Classic Moonbat.

Georges Monbiot had a little run there of decent articles. Today we’re back to classical Moonbat, it’s capitalism and free markets that’re killing everyone.

It is not just that we
are free to kill other people; market freedom constrains us to do so.
The economy is so organised as to make it almost impossible to do the
right thing. If your village isn’t served by public transport and there
is nowhere safe to cycle, you have, for all the talk of freedom to
drive, no choice. If the superstores have shut down all the small
shops, you must give your money to a company whose purchasing and
distribution networks look like a plan for maximum environmental impact.

So
we are encouraged by the market and left free by the law to inflict the
most grievous harm that any group of people has ever inflicted on any
other. There are several good reasons for supposing that climate
change, within the course of this century, will throw the world into
food deficit. The glaciers of the Himalayas, which feed the great
rivers watering the farmland keeping Asia alive, are disappearing. As
the temperature rises, plant growth in the tropics is likely to slow
down: already this appears to be happening to rice crops in the
Philippines. Drought zones are expanding: even in the early 1990s the
nomadic people I worked with in east Africa were complaining that the
40-year famine cycle had been compressed to four or five.

Already,
with a net food surplus, some 800 million people on earth are
permanently malnourished. With a net food deficit, this figure could
rise into the billions. We will be responsible for this. By the time we
reach the end of our lives, every one of us, however kind and mild and
well-meaning we might be, will have been responsible for the
equivalent, in terms of human suffering, of a medium-sized act of
terrorism.

There it is folks, absolute proof, if any you should need, that the only solution to climate change is to abolish free markets. The most recent example I can think of of a place that did not have free markets was the Soviet Union. That worked really well didn’t it? Didn’t contribute to climate change at all, provided a far better standard of living for its people? OK Georges, you’ve sold me on the idea.

8 responses

  1. Having lived in Russia (admittedly a decade after the fall of the Soviet Union) I can only point out that for most villages, a bus once a day is a luxury.
    Actually, having a bus call twice a day (once in the morning, once in the evening) is, frankly, more than enough for general life – it simply requires that village residents engage in a modicum of planning. A bus twice a day isn’t enough, however, if you want that life to include going wherever you want on a whim.

  2. dearieme Avatar
    dearieme

    “there is nowhere safe to cycle” = government failure.

  3. Disenfranchised

    It turns out to be the usual bonkers stuff about global capitalism being responsible for the gas chambers. But when I first saw the title I assumed it was about his Dad’s work on disenfranchising members of the Tory party.
    Because of course George…

  4. Rob Read Avatar
    Rob Read

    This is just the set-up, in order to justify grabbing freedom from the masses and placing themselves in charge.
    Of course, as leaders (however still equals), they would need special transport provision and food needs.
    Everyone who doesn’t accept that this is the best way to run things needs some re-education!
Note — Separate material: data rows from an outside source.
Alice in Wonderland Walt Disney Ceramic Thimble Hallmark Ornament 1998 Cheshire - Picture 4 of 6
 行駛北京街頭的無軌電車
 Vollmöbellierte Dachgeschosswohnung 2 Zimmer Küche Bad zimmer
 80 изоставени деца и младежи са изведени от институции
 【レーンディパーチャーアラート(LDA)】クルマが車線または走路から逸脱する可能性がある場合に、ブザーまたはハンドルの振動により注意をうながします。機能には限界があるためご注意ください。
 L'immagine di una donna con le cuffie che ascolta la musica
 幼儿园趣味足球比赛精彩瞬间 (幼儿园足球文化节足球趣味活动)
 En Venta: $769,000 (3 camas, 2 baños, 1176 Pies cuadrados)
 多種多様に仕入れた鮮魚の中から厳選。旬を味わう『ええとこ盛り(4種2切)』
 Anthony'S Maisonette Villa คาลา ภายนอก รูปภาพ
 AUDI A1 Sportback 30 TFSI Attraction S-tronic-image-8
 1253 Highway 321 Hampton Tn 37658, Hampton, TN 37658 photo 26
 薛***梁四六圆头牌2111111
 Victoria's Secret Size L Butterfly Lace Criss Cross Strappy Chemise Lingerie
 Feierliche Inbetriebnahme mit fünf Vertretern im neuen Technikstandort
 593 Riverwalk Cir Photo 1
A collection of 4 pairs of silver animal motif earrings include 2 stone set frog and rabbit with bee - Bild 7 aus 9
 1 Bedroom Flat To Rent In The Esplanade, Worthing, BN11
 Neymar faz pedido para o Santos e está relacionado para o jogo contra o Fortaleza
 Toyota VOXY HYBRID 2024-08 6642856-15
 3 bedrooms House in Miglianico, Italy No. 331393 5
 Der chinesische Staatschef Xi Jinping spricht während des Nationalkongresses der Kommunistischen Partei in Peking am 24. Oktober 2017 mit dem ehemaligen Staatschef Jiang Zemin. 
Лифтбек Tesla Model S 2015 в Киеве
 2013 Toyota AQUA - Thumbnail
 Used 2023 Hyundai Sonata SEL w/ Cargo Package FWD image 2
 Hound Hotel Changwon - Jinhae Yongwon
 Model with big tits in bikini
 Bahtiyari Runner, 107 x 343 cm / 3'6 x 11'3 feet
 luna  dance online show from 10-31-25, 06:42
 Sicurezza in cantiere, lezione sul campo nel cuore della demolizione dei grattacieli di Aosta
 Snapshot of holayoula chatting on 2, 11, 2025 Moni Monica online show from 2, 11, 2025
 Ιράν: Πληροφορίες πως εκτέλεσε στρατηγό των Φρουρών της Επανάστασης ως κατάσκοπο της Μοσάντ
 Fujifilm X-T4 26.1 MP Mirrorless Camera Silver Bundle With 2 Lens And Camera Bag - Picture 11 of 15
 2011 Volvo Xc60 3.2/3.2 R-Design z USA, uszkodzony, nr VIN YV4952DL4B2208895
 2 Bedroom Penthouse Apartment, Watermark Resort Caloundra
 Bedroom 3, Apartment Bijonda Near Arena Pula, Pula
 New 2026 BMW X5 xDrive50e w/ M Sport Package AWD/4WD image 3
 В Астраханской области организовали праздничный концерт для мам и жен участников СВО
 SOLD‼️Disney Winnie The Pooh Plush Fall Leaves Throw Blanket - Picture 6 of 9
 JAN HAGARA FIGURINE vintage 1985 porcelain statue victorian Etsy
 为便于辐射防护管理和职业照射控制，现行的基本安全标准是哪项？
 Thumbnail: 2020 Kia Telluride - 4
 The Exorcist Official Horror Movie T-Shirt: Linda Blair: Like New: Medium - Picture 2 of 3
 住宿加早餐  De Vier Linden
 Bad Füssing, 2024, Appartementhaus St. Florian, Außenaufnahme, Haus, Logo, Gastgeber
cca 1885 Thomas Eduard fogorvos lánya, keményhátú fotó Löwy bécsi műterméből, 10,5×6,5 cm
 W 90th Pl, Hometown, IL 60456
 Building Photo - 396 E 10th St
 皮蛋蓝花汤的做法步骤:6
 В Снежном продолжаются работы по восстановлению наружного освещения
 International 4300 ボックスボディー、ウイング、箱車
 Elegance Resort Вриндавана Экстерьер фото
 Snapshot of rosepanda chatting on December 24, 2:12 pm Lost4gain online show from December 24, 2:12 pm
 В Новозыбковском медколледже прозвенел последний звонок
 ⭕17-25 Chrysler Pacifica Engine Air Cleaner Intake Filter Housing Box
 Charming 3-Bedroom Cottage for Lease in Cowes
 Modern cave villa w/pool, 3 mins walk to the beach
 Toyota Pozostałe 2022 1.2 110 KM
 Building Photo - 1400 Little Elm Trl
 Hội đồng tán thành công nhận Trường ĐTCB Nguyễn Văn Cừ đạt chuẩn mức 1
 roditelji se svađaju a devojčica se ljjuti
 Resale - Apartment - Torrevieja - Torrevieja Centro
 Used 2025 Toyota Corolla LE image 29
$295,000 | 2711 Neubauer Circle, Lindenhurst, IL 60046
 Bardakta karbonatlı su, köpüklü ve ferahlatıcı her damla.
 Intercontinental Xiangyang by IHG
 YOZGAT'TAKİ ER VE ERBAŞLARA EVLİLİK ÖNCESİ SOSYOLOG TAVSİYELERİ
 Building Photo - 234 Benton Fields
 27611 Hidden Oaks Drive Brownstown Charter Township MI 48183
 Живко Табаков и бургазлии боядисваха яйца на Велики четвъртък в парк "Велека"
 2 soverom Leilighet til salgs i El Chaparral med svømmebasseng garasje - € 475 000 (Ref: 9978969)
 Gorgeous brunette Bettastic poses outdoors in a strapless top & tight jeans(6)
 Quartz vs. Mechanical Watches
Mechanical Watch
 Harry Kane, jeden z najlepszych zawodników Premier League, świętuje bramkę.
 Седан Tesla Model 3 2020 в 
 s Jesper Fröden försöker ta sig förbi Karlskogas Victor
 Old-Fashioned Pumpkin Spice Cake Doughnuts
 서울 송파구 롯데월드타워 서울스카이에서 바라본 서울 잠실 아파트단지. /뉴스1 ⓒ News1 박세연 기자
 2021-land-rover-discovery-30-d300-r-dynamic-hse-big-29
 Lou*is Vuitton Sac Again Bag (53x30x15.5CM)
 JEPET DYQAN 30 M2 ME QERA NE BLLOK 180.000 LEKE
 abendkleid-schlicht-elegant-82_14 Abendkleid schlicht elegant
  5. Hey Andy! You’re getting around!

  6. dsquared Avatar
    dsquared

    There it is folks, absolute proof, if any you should need, that the only solution to climate change is to abolish free markets
    This would make sense if you believed that the only two possibilities in the world would be that specific combination of free and regulated markets which we currently have (which both you and Monbiot curiously choose to refer to as “free markets”) or Soviet-style Communism. On the other hand, when you put it that way, to be honest it isn’t really Monbiot who comes over as being the one who is foolishly oversimplifying things.

  7. Andrew Duffin Avatar
    Andrew Duffin

    As the temperature rises, plant growth is likely to slow down?
    Eh? What is he smoking?
    Coming up next – Moonbat keeps his tomato plants outside in the frost, they germinate quicker that way.
    Blimey.

  8. N.I.B. Avatar
    N.I.B.

    How many times… We don’t have a free market in anything other than name. How else can it be cheaper to buy a piece of New Zealand lamb than it is to buy a piece of the lamb who’s currently gambolling about in the field next door? Imagine all the greenhouse gases that’d save!